Bir de diziyi sevmeme nedenleri bulunmakta. İlk olarak hayalet olma meselesini tam bir yere oturtamadıklarını düşünüyorum. Hayalet kavramını diziye aktarmada sorunlar yaşadıkları belli. Hayaletler cisimleri tutabiliyorlar, ama bir şeyler yiyip içmek istedikleri zaman içlerinden geçip gidiyor ya da kıyafetlerini değiştiremiyorlar. Madem öyle duvarlardan, hatta zeminden de geçmeleri gerek. Yani bu konuyu oldukça çelişkili şekilde götürdüklerini söyleyebilirim. Ayrıca Annie’yi sadece doğaüstü olanlar görebiliyor, ama bir süre sonra herkese görünebiliyor. Sonra yine eski haline dönüyor. Neden sürekli bu karakteri iki ileri bir geri götürdüklerine anlam vermek zor oluyor. Kısaca daha önce de bahsettiğim gibi; dizi fantastik ögelerden çok insani ilişkilere odaklandığı için, çoğu detayı atlamış gibi görünüyor. İkinci olarak, karakterleri kararlı tutmayı başaramıyor senaristler. Tüm karakterlerin tabii ki inişleri çıkışları olabilir, ama kişilik değişiklikleri az olmalıdır. Olsa bile geriye dönülmesi izleyiciyi bir süre sonra sıkacaktır, sıkmış gibi görünüyor da. Bunlara rağmen izleme oranında aşırı bir düşüş olmuyor, komedi unsuruyla neredeyse tüm eksileri artıya çevirmeyi başarıyorlar.
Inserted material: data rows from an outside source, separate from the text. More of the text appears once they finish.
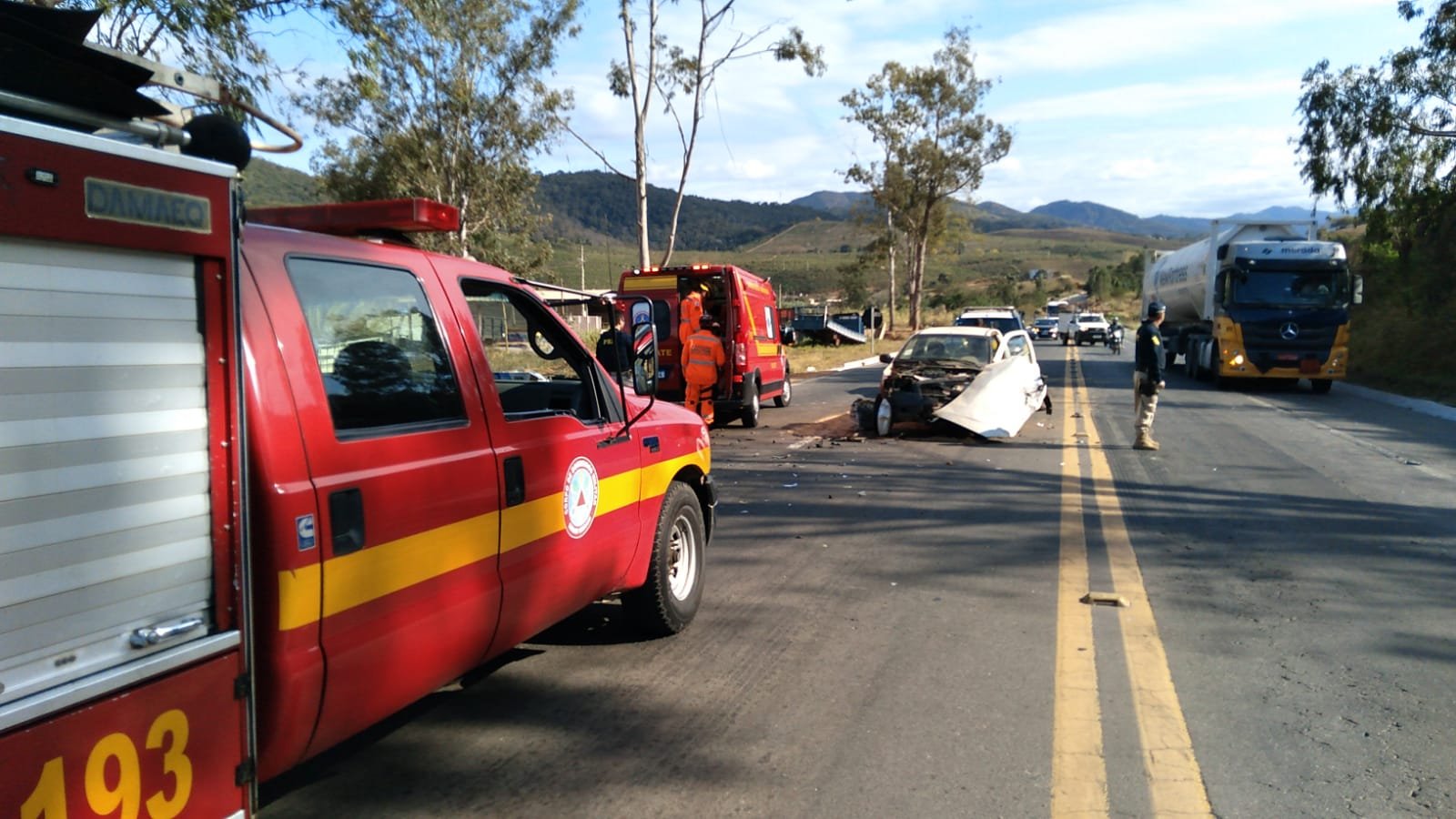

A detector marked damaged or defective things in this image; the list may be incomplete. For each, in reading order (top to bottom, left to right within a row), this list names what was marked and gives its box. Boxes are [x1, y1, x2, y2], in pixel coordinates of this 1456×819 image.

broken windshield [891, 333, 996, 369]
wrecked silver car [850, 326, 1048, 440]
detached car hood [932, 354, 1048, 437]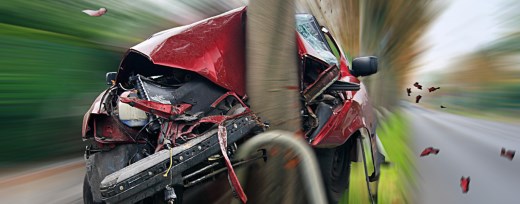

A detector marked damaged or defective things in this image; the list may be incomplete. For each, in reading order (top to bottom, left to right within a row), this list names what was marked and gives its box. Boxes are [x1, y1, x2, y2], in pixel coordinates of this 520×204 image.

crashed red car [80, 6, 382, 204]
shattered windshield glass [296, 13, 338, 66]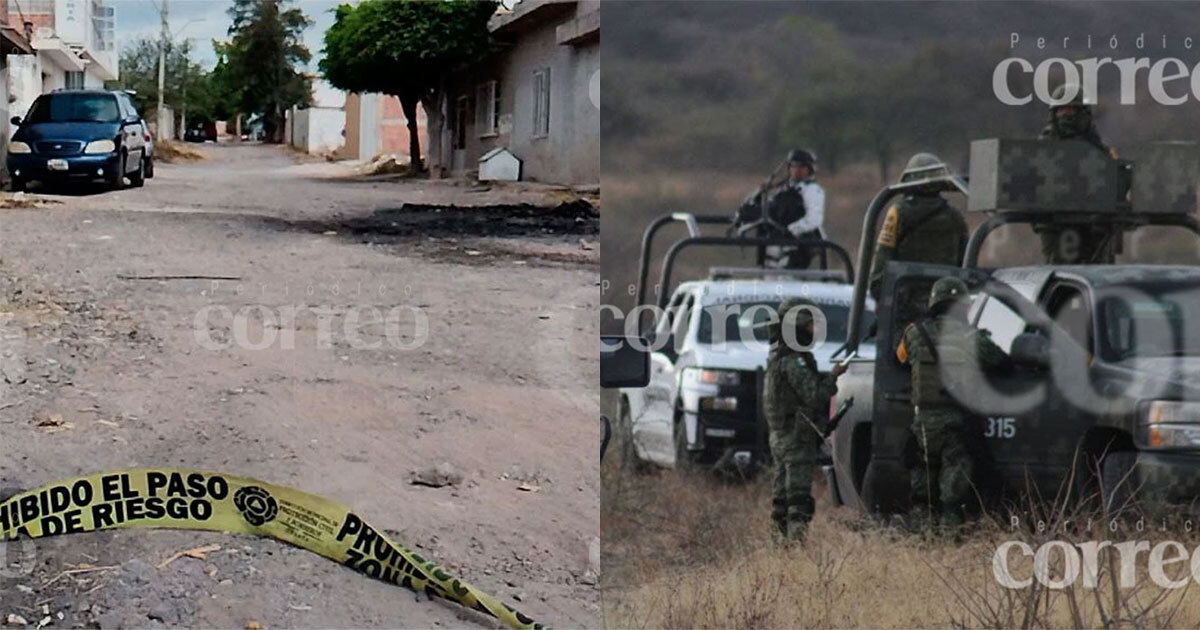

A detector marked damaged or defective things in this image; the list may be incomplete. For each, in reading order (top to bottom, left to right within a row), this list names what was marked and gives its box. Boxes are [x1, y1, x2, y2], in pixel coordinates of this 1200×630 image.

burnt patch on ground [291, 200, 600, 240]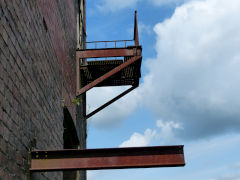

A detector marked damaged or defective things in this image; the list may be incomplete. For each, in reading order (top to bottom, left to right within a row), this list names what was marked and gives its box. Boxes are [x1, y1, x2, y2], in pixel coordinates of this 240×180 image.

rusty metal staircase [28, 11, 186, 173]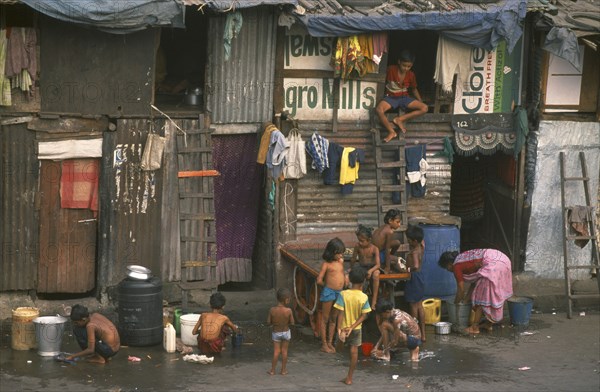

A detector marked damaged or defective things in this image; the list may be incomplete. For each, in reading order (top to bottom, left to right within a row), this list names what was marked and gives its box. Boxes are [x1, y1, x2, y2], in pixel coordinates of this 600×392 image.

rusted metal sheet [204, 7, 274, 124]
rusted metal sheet [0, 122, 38, 290]
rusted metal sheet [37, 161, 95, 292]
rusted metal sheet [100, 118, 163, 286]
rusted metal sheet [278, 115, 452, 239]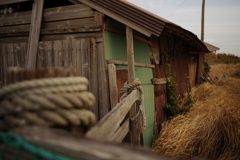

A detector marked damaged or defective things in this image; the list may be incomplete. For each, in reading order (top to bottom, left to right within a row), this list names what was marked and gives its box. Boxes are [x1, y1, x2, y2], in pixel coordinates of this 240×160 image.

rusty metal roof [79, 0, 210, 52]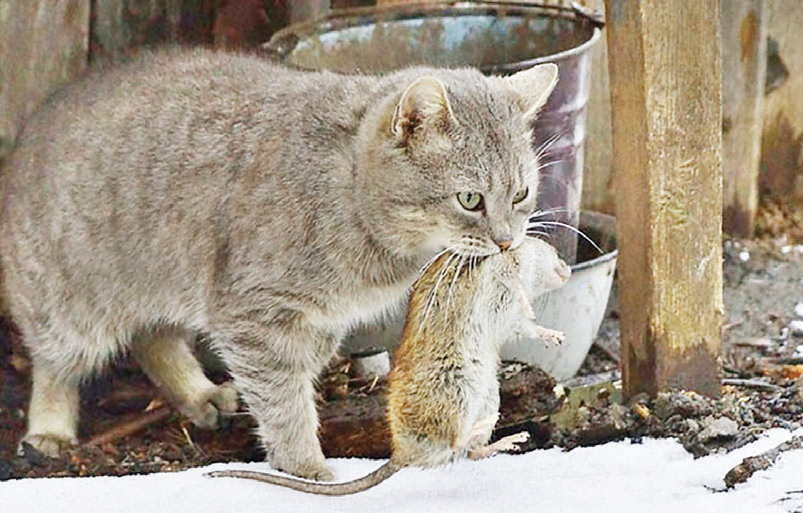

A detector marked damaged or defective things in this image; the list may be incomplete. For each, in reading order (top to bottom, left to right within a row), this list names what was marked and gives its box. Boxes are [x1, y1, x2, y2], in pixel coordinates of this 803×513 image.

rusty metal surface [268, 2, 604, 262]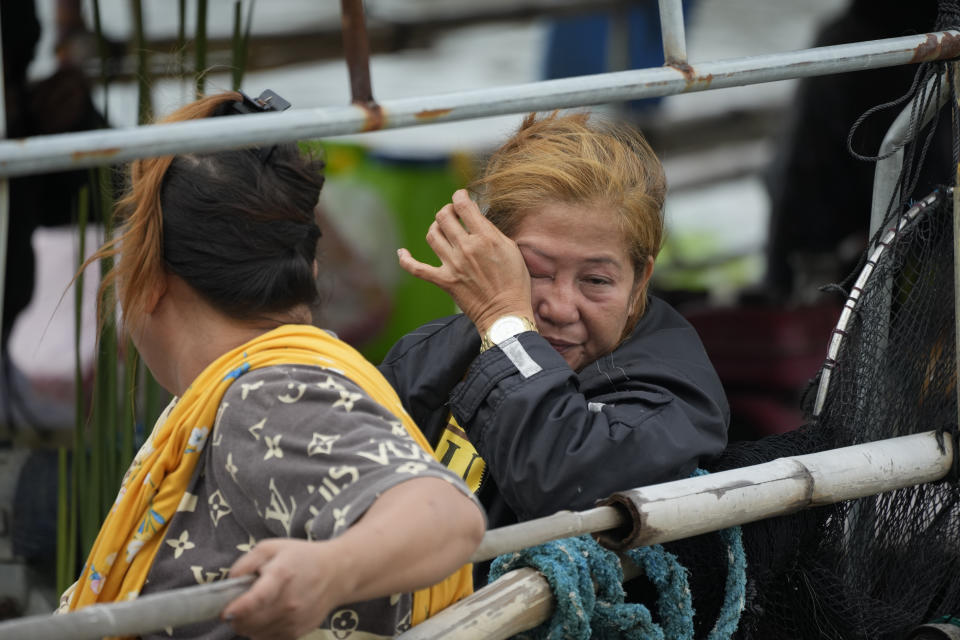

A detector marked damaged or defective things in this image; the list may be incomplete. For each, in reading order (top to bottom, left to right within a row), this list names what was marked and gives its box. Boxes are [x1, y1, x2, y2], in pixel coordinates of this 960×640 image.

rust spot on pipe [912, 32, 960, 63]
rust spot on pipe [358, 102, 384, 132]
rusty metal pipe [1, 30, 960, 178]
Being Human’ın Aidan Turner, Russel Tovey ve Lenora Crichlow ile geçen bu biraz komedi biraz dram biraz da korku içeren üç sezonunun ardından, baş karakterlerimiz birer birer diziden ayrılıyorlar ve dizi kendini yenilemek üzere yeni vampir, kurtadam ve hayaletini seçiyor. Damien Molony, Michael Socha ve Kate Bracken ile son sezonu olan 5. sezonunu da kapatan Being Human, dizinin izleyici kitlesi tarafından oyuncuların kabul edilmemesi nedeniyle sona eriyor ve böylece bu dizi de azalarak biten sağlam yapımlar arasında yerini alıyor. Biz de ilk üç sezonu izleyerek kısa bir nostalji turuna çıkabiliriz yeniden.